(Data provided)
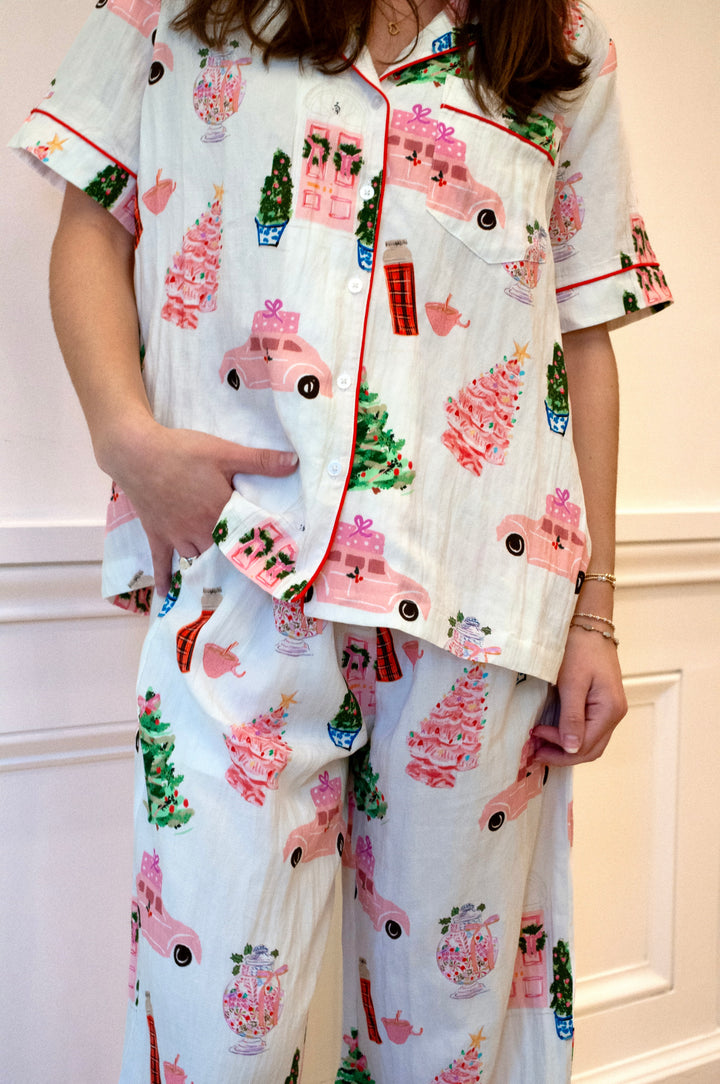 CHRISTMAS ELEMENTS - PANT SET PJS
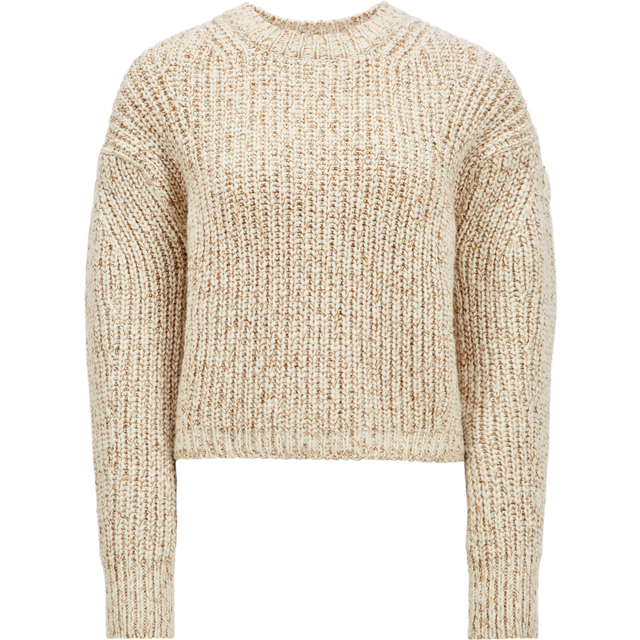 Moncler Beige Virgin Wool Sweater - P02 - XS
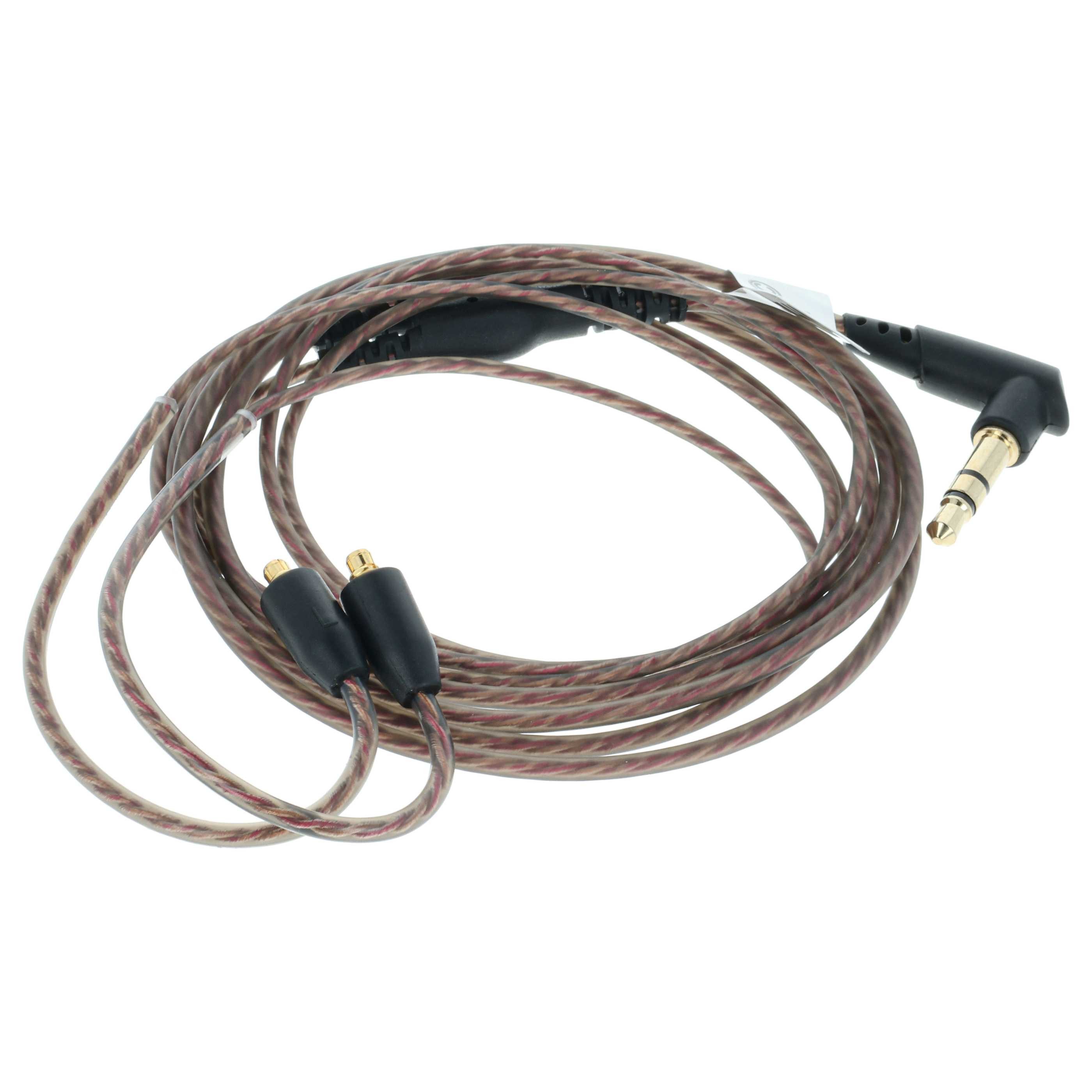 vhbw passend für Shure SE846, SE535, SE425, SE315, SE215 Kopfhörer / Audio-Kabel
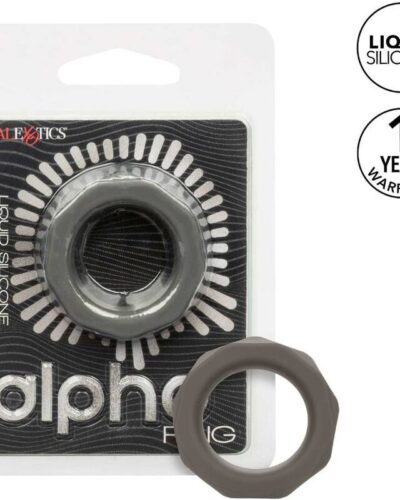 Calexotics - Alpha Prolong Prismatic Ring Grey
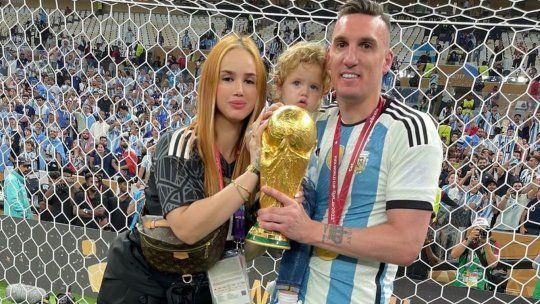 Tras ausentarse, Franco Armani reveló que su hijo se salvó de milagro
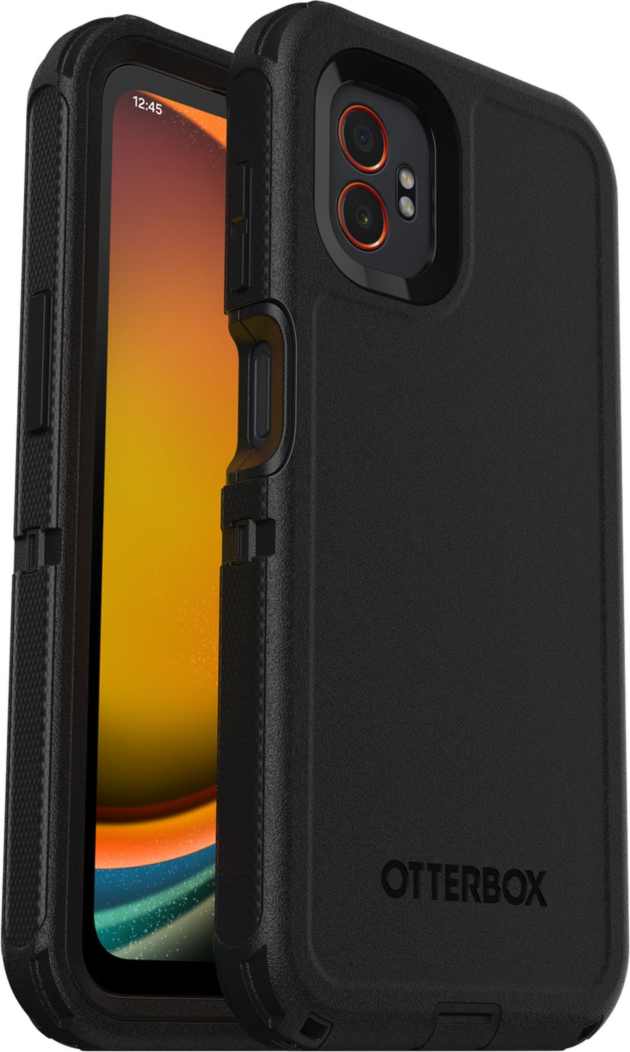 The Defender Series Pro is OtterBox's toughest case, offering rugged, tri-layer protection against harsh drops.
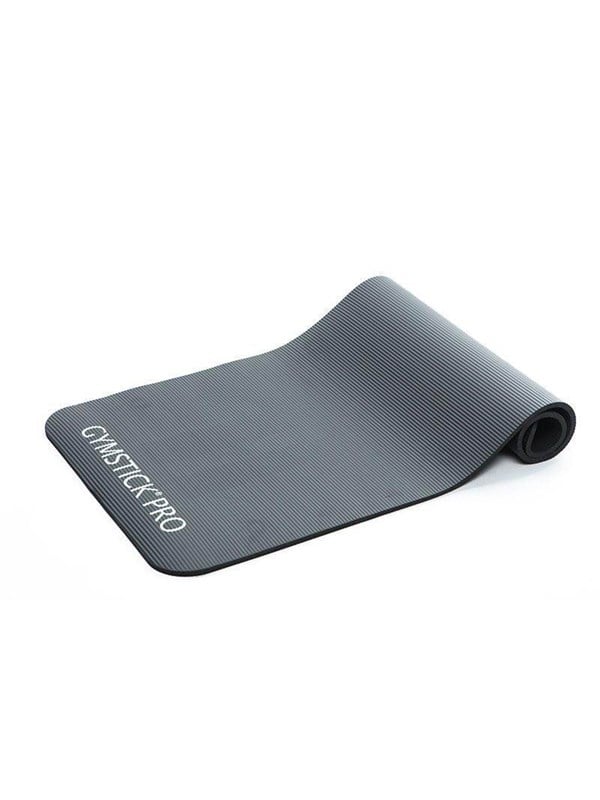 Produktfoto för Gymstick Exercise Mat NBR - 140x60x1.0cm (black)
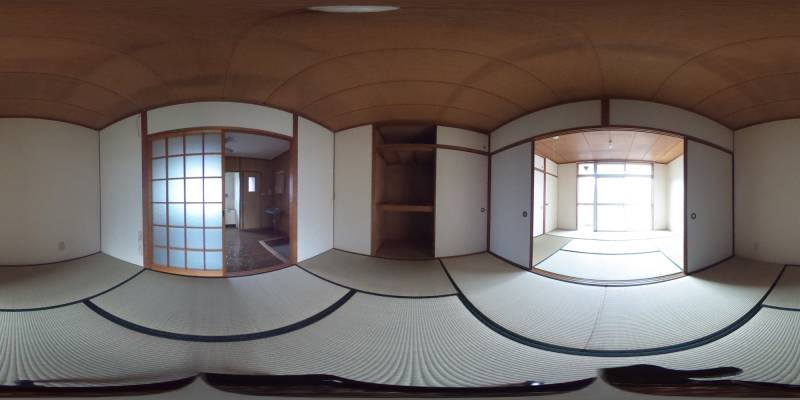 パノラマ画像和室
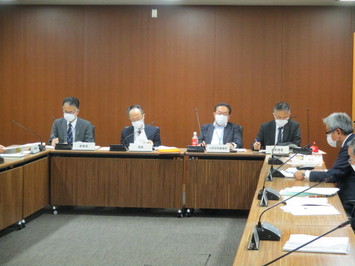 国土交通省髙橋北海道局長ほか幹部との意見交換会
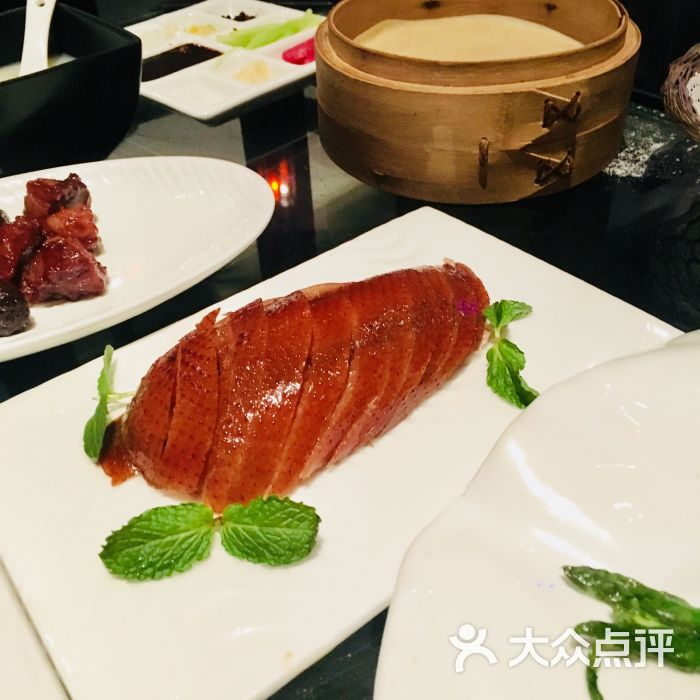 大董(工体店)-大董"酥不腻"烤鸭-菜-大董"酥不腻"烤鸭图片-北京美食
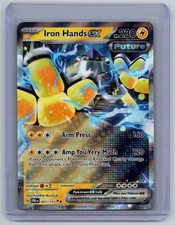 Iron Hands ex 031/131 Holo Double Rare Prismatic Evolutions Pokemon Near Mint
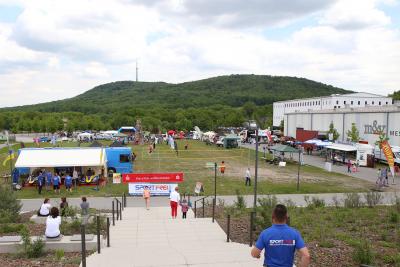 Foto: SPORT-FREI! 2016 Foto zur Meldung: „SPORT-FREI!“ 2016 - Ein würdiges Debüt, das zeigt, dass eine Sportmesse in der Region funktioniert und gefragt ist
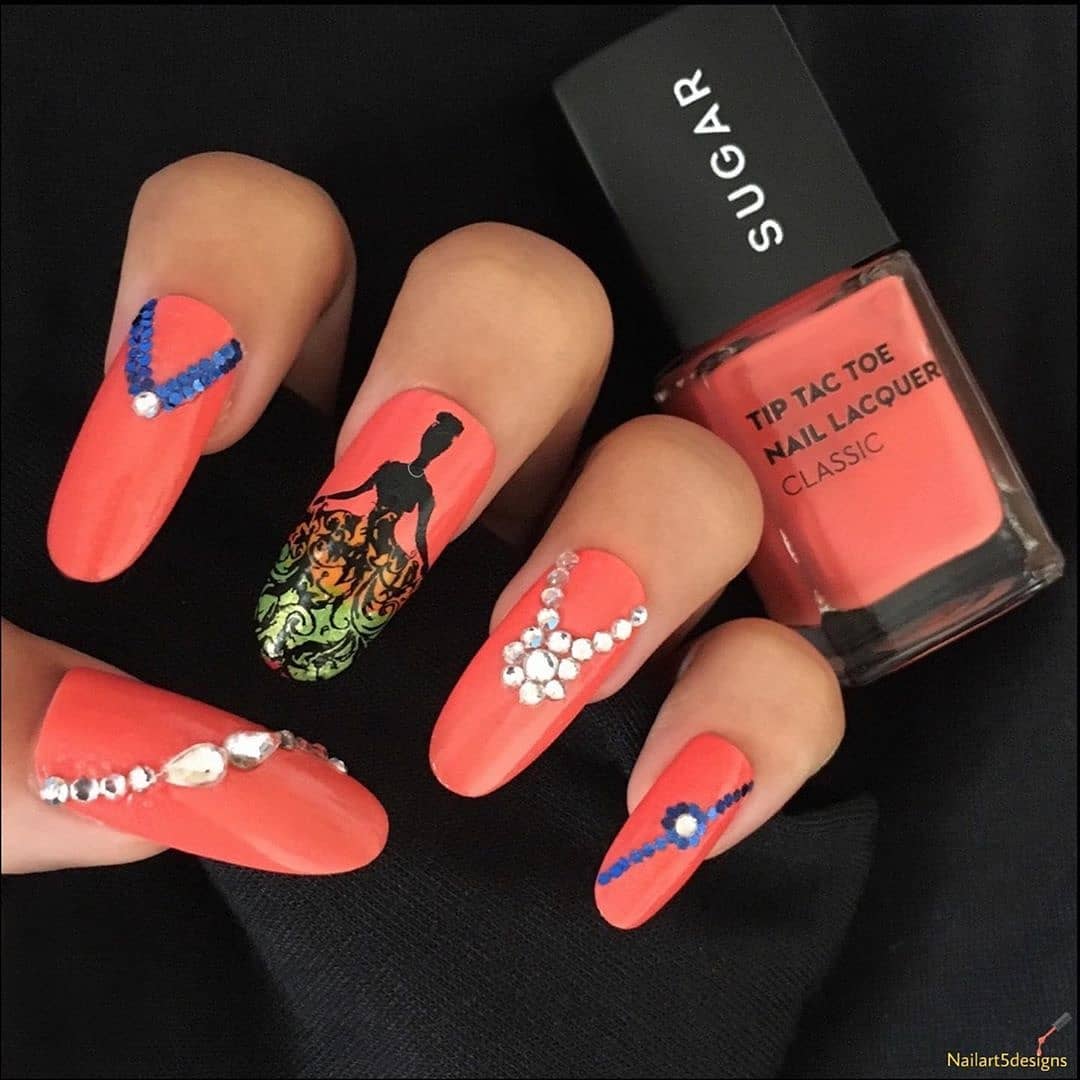 SUGAR Cosmetics - Sending some nail art inspiration your way! 

Colour fest is still on! Visit our website to grab exciting offers on your favourite colours.

In frame: @nailart5designs

Products used...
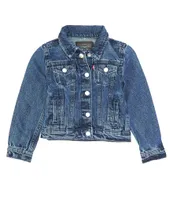 Levi's® Little Girls 2T-6X Denim Trucker Jacket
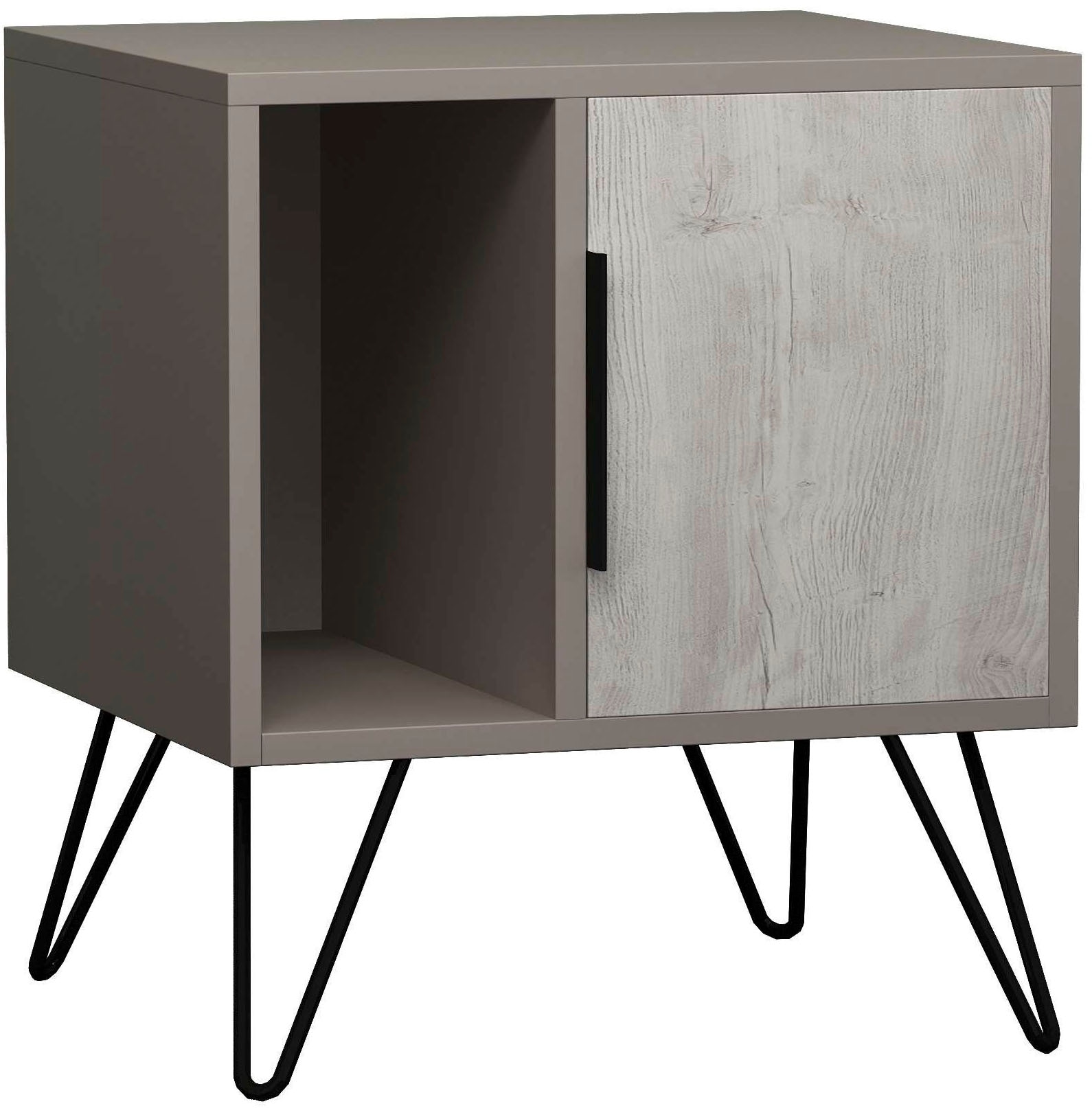 Decortie Nachttisch "GLYNN NACHTTISCH", (Packung, 1 St.), Leichte Montage, günstig online kaufen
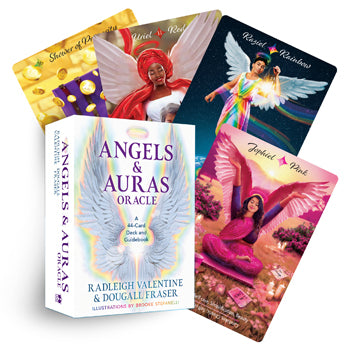 Angels and Auras Oracle - Lighten Up Shop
(End Data provided)
Problem description: Starting from the first line of the listing above, write out every line exactly through the one containing "Calexotics - Alpha", and drop the pictures.

Solution to this task:
 CHRISTMAS ELEMENTS - PANT SET PJS
 Moncler Beige Virgin Wool Sweater - P02 - XS
 vhbw passend für Shure SE846, SE535, SE425, SE315, SE215 Kopfhörer / Audio-Kabel
 Calexotics - Alpha Prolong Prismatic Ring Grey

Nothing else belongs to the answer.